Four online comments (one by Pat Pregmon) essentially call for eliminating this item, recognizing that it is covered in the broader category of compliance with laws under Standard 2.
Standard 6: E.2.
“Carry general liability, director’s and officer’s liability, property and other insurance appropriate to the land trust’s risk exposure and state law”
The explicit specification of D&O insurance is new to the revision. Many small organizations, particularly all-volunteer ones, skip D&O insurance due to the high cost and perception of little benefit and low risk. (This likely would be an accreditation indicator practice.)
Standard 7: D.6.
“Develop a written succession plan to ensure continuity in the leadership and management of the land trust’s functions”
This new practice calls for one of the previously mentioned 9 new plans required by the S&P revision.
The leadership of land trusts should consider with some frequency the issues to be navigated in the event of a leadership transition. But is an all-purpose written succession plan a constructive approach?
Standard 9: F.1.
“For each property or conservation easement the land trust intends to acquire, obtain a professional title investigation, prior to closing, that results in either an attorney’s opinion or certificate of title or a title insurance policy”
This proposed practice goes beyond the current practice in that it additionally requires “an attorney’s opinion or certificate of title or a title insurance policy.” I’m guessing that some (perhaps many) PA land trusts presently don’t go to this length (and expense) for many of their easement acquisitions.
(This likely would be an accreditation indicator practice.)
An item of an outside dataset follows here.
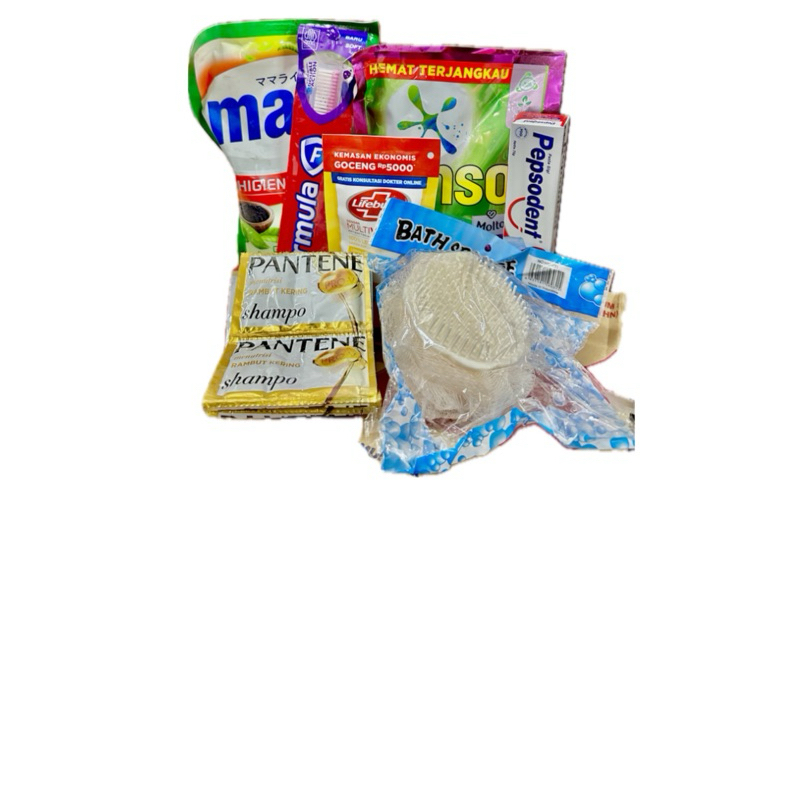 

PAKET SEMBAKO 6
“Land trusts work diligently to see that every charitable gift of land or conservation easement meets federal and state tax law requirements and to defend against fraudulent transactions”
A number of good comments have been posted online regarding the practices proposed under Standard 10. However, continuing concerns with tax shelter promoters capturing enormous federal tax deductions (see http://www.landtrustalliance.org/important-advisory-tax-shelter-abuse-conservation-donations) may cause the Land Trust Alliance to go beyond the present language and public comments in the next revision draft. Nevertheless, it makes sense for people to comment on the draft practices as they now stand.
What’s my thinking? As I state online, Land trusts should “conduct a limited review of each potential donative transaction for consistency with federal and state income tax benefit requirements, understanding that land trusts lack the qualifications and capacity to fully and accurately assess the tax consequences of a transaction.” Beyond this, we need to identify practices that help land trusts to avoid inadvertently supporting fraudulent transactions, mischaracterizations of donations, and grossly overinflated valuations. We need practices that help them without forcing them to do a job only the IRS and appraisers are qualified to do and without pretending that land trusts have expertise and capacity that they don’t have.
Standard 11: B.3.
“Prepare a supplement to the baseline or a current conditions report, signed by the landowner and the land trust, when there are significant changes to the land or the conservation easement, such as a result of an amendment or the exercise of a permitted right”
This proposed new practice requires not only a supplement or a current conditions report but also that the document be signed. Presently, many land trusts in many circumstances can use their annual monitoring reports to serve as documentation.